DATA EXTRACT →
====
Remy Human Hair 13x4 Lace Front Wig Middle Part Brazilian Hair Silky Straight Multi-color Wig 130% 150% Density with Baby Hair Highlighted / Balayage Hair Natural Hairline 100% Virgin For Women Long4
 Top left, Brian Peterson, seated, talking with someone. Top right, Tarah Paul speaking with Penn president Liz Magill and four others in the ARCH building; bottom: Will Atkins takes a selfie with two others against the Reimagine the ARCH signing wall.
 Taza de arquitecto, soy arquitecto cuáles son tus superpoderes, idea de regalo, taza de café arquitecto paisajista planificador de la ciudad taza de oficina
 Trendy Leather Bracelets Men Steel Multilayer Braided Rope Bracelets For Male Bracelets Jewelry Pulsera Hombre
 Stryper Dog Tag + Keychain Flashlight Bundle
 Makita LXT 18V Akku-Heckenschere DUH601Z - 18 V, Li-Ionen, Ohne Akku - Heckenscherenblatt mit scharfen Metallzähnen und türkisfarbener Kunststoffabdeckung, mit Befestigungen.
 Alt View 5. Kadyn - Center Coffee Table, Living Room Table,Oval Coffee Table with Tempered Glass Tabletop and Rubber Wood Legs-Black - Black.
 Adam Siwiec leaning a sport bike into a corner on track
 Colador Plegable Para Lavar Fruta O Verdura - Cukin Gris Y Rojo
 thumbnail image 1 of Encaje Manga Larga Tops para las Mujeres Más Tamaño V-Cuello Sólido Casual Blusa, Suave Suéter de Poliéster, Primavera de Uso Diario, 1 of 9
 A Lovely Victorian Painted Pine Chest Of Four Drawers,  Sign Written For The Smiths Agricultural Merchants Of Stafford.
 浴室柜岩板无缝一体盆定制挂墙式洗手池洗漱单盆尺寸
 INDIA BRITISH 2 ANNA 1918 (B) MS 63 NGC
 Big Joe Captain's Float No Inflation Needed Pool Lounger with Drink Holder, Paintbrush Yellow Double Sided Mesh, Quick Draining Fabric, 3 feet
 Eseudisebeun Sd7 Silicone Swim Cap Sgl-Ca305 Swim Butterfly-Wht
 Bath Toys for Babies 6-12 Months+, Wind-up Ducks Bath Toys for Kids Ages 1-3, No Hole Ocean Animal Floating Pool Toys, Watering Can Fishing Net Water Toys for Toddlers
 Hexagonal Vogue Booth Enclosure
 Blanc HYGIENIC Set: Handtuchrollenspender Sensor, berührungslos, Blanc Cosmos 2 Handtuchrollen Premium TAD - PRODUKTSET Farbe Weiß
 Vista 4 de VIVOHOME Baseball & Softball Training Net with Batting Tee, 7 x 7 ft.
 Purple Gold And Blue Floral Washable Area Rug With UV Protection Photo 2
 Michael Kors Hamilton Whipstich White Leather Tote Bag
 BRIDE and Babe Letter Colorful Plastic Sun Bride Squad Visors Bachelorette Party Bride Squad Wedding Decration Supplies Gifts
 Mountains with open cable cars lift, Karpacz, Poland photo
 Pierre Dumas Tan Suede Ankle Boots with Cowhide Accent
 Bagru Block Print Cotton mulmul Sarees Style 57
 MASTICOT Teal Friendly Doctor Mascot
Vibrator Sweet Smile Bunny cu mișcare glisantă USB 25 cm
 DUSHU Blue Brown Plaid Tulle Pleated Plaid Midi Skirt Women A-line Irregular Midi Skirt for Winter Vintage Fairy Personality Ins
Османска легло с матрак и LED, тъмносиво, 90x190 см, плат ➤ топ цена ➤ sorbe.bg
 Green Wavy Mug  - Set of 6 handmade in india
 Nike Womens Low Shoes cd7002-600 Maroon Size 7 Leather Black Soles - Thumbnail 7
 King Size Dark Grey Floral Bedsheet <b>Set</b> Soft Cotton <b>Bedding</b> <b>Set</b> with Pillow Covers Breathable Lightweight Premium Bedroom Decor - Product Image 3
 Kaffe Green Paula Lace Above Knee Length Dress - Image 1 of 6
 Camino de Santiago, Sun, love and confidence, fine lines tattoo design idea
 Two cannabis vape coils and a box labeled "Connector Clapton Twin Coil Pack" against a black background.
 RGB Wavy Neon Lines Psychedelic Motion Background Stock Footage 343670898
====
REQUIRED ACTION → Determine which lines above include the word "Leather", and report those lines in full.

ANSWER FOR THIS EXERCISE →
 Trendy Leather Bracelets Men Steel Multilayer Braided Rope Bracelets For Male Bracelets Jewelry Pulsera Hombre
 Michael Kors Hamilton Whipstich White Leather Tote Bag
 Nike Womens Low Shoes cd7002-600 Maroon Size 7 Leather Black Soles - Thumbnail 7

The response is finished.